Papa était plus cultivé, il lisait l’arabe comme un vrai savant, maitrisait la poésie classique et avait même des rudiments de philosophie, Aristote, Platon. Mais dans un pays qui lui dénuait tout droit d’être cultivé en le rabaissant à son statut de « travailleur immigré algérien » qui « ne sait pas écrire correctement ».

Autant dire que malgré de bons résultats à l’école, je n’étais finalement qu’un gosse de prolo mal dégrossi. L’année où j’ai passé mon bac, nous n’étions de 3% de gosses de prolétaires à avoir le bac. J’ignore combien, parmi nous, avaient des parents immigrés…

Ce qui a bifurqué ma route, c’est mon homosexualité. En admettant ma sexualité à l’âge de 14 ans, en la rendant publique au collège puis au lycée, je me suis autonomisé, et j’ai alors compris que je devrais chercher les autres comme-moi. Ça a été les Tuileries où, à cette époque, particulièrement les weekend, nous étions des centaines à déambuler les après-midis près de l’Orangerie. À devenir amis et apprendre des codes. À nous aimer ensembles. Je suis persuadé que nous avons pu traverser les années SIDA solidaires parce que nous nous connaissions tous, ne serait-ce que de vue.
J’y ai fait mes premières rencontres, amicales comme sexuelles.

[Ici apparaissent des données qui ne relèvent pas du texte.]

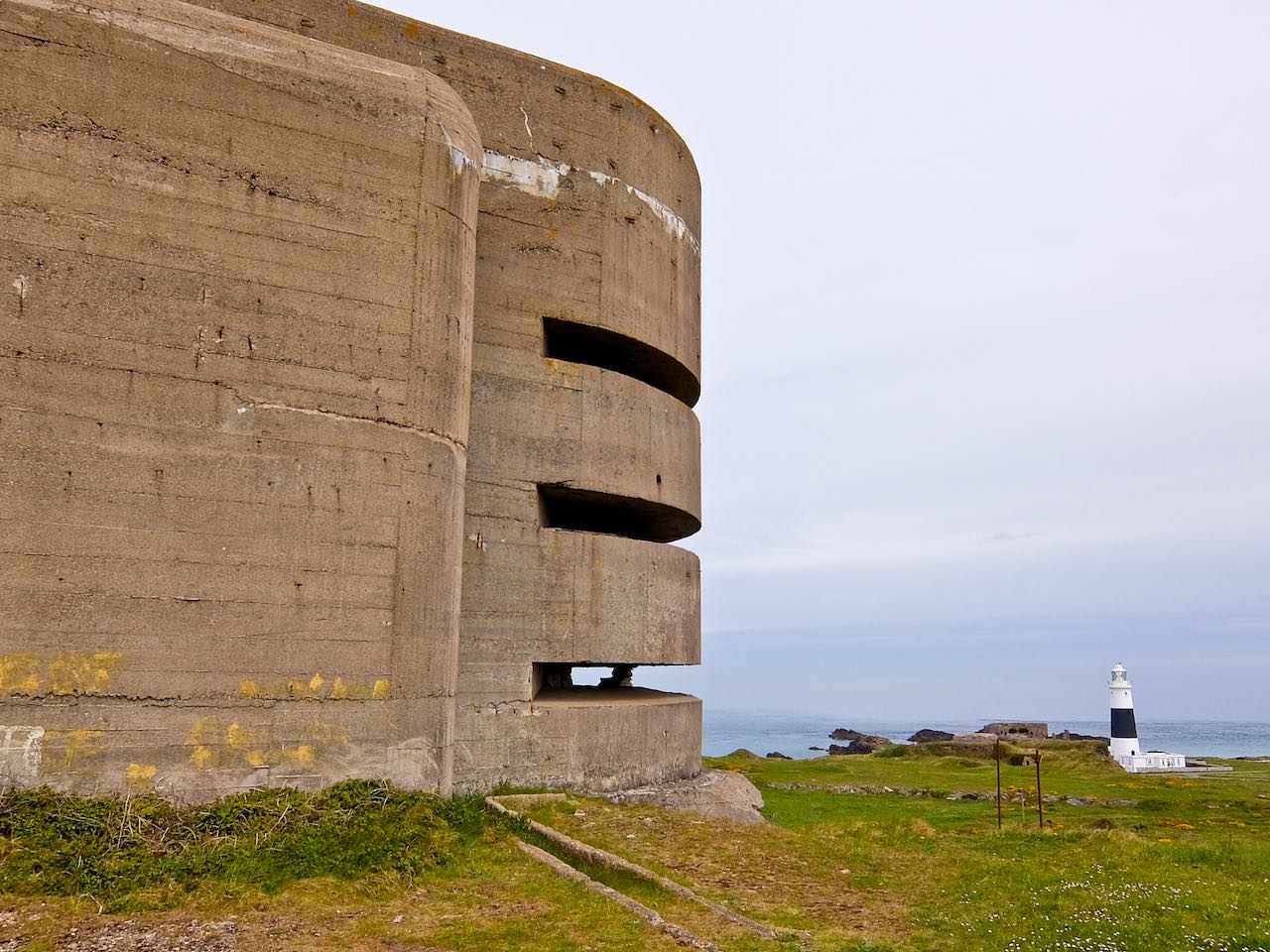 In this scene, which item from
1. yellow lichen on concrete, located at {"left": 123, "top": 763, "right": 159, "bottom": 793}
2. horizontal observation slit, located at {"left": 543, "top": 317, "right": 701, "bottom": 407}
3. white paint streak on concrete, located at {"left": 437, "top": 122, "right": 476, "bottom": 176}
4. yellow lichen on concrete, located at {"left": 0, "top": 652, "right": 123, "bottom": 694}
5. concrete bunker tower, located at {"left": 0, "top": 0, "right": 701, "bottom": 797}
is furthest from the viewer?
horizontal observation slit, located at {"left": 543, "top": 317, "right": 701, "bottom": 407}

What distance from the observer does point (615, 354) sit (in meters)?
14.1

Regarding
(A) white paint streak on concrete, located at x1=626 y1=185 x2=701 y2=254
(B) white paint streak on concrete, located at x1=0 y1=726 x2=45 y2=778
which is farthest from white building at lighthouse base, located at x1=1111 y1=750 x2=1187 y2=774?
(B) white paint streak on concrete, located at x1=0 y1=726 x2=45 y2=778

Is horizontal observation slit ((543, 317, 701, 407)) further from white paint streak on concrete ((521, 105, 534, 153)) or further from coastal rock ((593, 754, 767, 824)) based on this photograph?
coastal rock ((593, 754, 767, 824))

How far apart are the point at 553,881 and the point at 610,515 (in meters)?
7.19

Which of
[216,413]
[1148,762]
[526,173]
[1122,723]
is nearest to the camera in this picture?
[216,413]

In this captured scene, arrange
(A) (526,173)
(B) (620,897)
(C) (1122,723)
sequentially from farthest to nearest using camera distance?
(C) (1122,723)
(A) (526,173)
(B) (620,897)

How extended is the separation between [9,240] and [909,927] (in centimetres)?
938

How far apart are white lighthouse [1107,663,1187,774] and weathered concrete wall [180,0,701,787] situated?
28.7 meters

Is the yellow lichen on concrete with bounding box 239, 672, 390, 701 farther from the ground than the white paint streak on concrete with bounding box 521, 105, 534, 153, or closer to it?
closer to it

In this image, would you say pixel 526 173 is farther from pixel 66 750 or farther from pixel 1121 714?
pixel 1121 714

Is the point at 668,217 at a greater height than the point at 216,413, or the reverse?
the point at 668,217

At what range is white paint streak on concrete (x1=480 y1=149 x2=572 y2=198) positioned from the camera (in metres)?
12.3

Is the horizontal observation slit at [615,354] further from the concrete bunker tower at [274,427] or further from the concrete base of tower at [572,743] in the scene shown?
the concrete base of tower at [572,743]

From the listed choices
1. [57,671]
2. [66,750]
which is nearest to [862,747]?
[66,750] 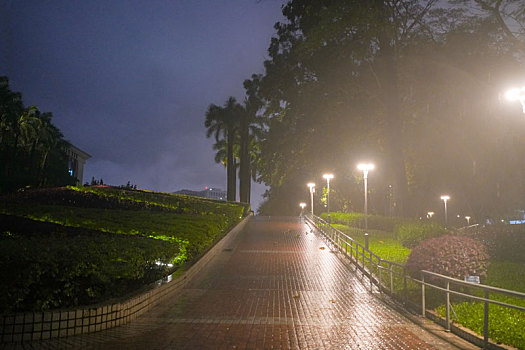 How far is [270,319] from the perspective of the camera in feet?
28.0

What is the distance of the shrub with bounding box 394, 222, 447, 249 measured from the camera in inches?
820

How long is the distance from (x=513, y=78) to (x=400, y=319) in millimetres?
24058

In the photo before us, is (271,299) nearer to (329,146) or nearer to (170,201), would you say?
(170,201)

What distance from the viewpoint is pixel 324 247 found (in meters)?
22.2

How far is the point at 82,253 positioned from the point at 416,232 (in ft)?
55.5

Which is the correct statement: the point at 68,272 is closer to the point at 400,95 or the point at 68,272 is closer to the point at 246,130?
the point at 400,95

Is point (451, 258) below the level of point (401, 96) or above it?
below

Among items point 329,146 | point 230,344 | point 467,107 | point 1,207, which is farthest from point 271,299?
point 467,107

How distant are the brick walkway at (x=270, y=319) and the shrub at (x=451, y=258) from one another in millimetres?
1213

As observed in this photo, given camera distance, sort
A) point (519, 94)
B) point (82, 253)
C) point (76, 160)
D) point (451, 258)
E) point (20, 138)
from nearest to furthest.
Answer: point (82, 253) < point (451, 258) < point (519, 94) < point (20, 138) < point (76, 160)

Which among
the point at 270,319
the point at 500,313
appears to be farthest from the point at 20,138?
the point at 500,313

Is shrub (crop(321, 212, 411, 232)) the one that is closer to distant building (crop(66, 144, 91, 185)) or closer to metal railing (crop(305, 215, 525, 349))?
metal railing (crop(305, 215, 525, 349))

Très vite, j’ai appris à reconnaitre les prédateurs, ces mecs d’un certain âge, certainement un peu ou très pédophiles, justement. J’ai dû coucher avec 2 ou 3 mecs dans ce genre, alors. Ils avaient tous le même comportement, ils parlaient beaucoup avant, voulaient tous m’inviter à faire un truc – restaurant, café -, ils me juraient ma beauté, que j’étais intéressant. Au lit, ils étaient absolument lamentables, ils voulaient tous que je les baise, comme ça, ou alors ils voulaient me baiser, comme ça, après d’interminables et gluants préliminaires qui me dégoûtaient. Et après le sexe, c’était fini.
J’ai vite appris à les fuir, ou parfois, je le confesse, à les utiliser. Un soir, un bonhomme absolument gluant m’a proposé d’aller au restaurant, j’ai dit oui. On est allés à La Mandigote, un restaurant sur la rive droite près de l’Hôtel de Ville face au Marché aux Fleurs. Il y avait plein de ces bonhommes d’un certain âge avec des mecs aussi jeunes que moi. Ils avaient tous l’air d’employés de bureau hétérosexuels en costumes gris, ça ne donnait pas envie du tout. Des vieux. Des tatas. Asselineau me fait penser à eux, beurk.
Dans la voiture, il me mettait la main sur le genoux, essayait de me palper le sexe, je lui retirais la main. Il a voulu m’embrasser, je l’ai repoussé. On a diné, et quand on a eu fini, je lui ai dit que je devais rentrer, il a insisté, j’ai commencé à parler fort et à lui dire non, parlé de mes parents, il a paniqué, il m’a laissé partir.
Ce genre de type, ce sont des larves. J’avais 16 ans et j’étais out, donc il ne pouvaient rien contre moi. Ce type, j’ai consciemment profité de lui.
Mais quand ils croisent des gamins un peu plus jeunes, ils peuvent être redoutables. Tous les types que j’ai croisés et que je définirais comme potentiellement pédophiles étaient exactement comme ce type. Mais moi, ce soir là, j’ai bien dîné, et je suis allé tranquillement dans un bar gay.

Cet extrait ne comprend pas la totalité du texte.